La primera cuestión es casi tan compleja como la segunda. Al rencor peruano se le suma el orgullo chileno, de allí que la implementación de una serie de políticas -que impliquen gestos bilaterales respecto de la guerra- no está en la agenda de ninguno de ambos Estados. Para el caso peruano, es imposible que una casta de políticos que no entienden a Alberto Borea cuando hace uno de la palabra en el hemiciclo puedan siquiera imaginar que existe algo como la gestión y resignificación del pasado. De hecho existe una vasta literatura y son decenas de casos en los que se ha aplicado la reconciliación como una forma de superar -lo que no implica olvidar- el pasado doloroso que separa a dos grupos humanos. Entonces hemos optado por el pragmatismo: ¡qué bien el fallo de la Haya, qué bien la Alianza del Pacífico, qué bien las relaciones tacno-ariqueñas, qué bien los restaurantes peruanos en Chile! pero basta que un grupo de migrantes venezolanos genere alguna situación en la frontera común para que nuestra primera reacción, nuestra inercia común sea el conflicto, el elan de la confrontación, el ADN de la guerra.

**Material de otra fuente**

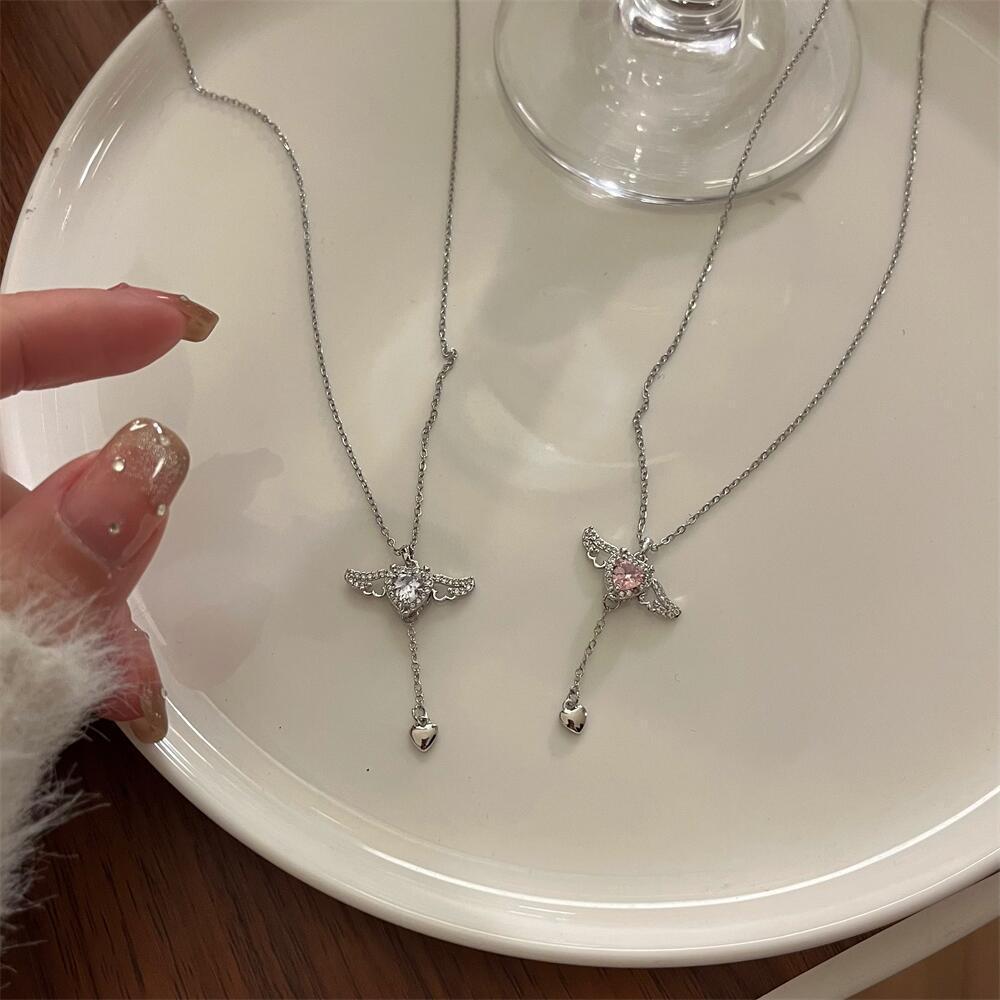 Female With Hearts Zircon Romantic Angel Clavicle Chain Pi-Mart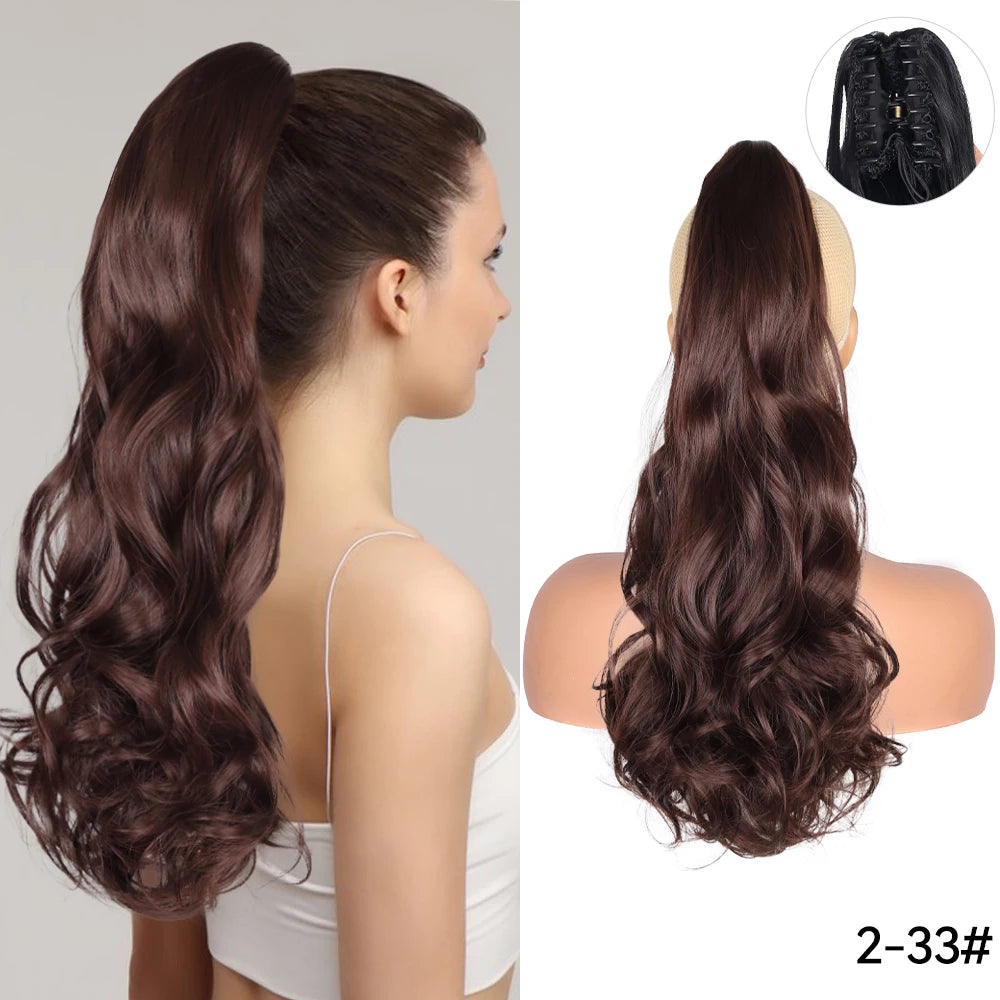 Long Straight Claw Clip On Ponytail Hair Extension Synthetic 22Inch Wavy Ponytail Fake Hairpiece For Women Pony Tail Hairpiece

Podemos seguir viviendo así porque no interfiere con los negocios (Hyman Roth dixit). No hace falta que Chile exprese sus sentimientos y lamentos al Perú ante tan dolorosa invasión, no hace falta que el Perú reconozca el gesto. No hace falta que se implementen políticas de la amistad, nadie las tiene referenciadas y nadie quiere comerse el pleito de legar a las nuevas generaciones una mirada del siglo XXI y no del siglo XIX acerca de un durísimo evento del pasado que hace rato debería exponerse tras la vitrina de un museo.
Somos rivales que al mismo tiempo hacen negocios entre sí y nos visitamos cotidianamente. Guardamos en nuestras entrañas una desconfianza densa, nebulosa, magmática a lo Corneluis Castoriadis, que expresamos en voz baja cuando estamos solos, entre connacionales. Nos encanta experimentar nuestra versión binacional del suplicio de Tántalo. Por eso seguimos viviendo con el agua de la paz a centímetros de la boca sin alcanzar a beberla. La soberbia y el rencor se interponen entre ella y nuestra sed.
Para concluir, y matizar, debe quedar meridianamente claro, nuestro decidido apoyo a todos los procesos de integración económica y social presentes, que líneas más arriba hemos mencionado, tanto como debe quedar clara nuestra postura que sostiene que, en simultaneo, una política de la reconciliación y resignificación del pasado doloroso es fundamental para la mejor convivencia entre peruanos y chilenos. Tómese en cuenta.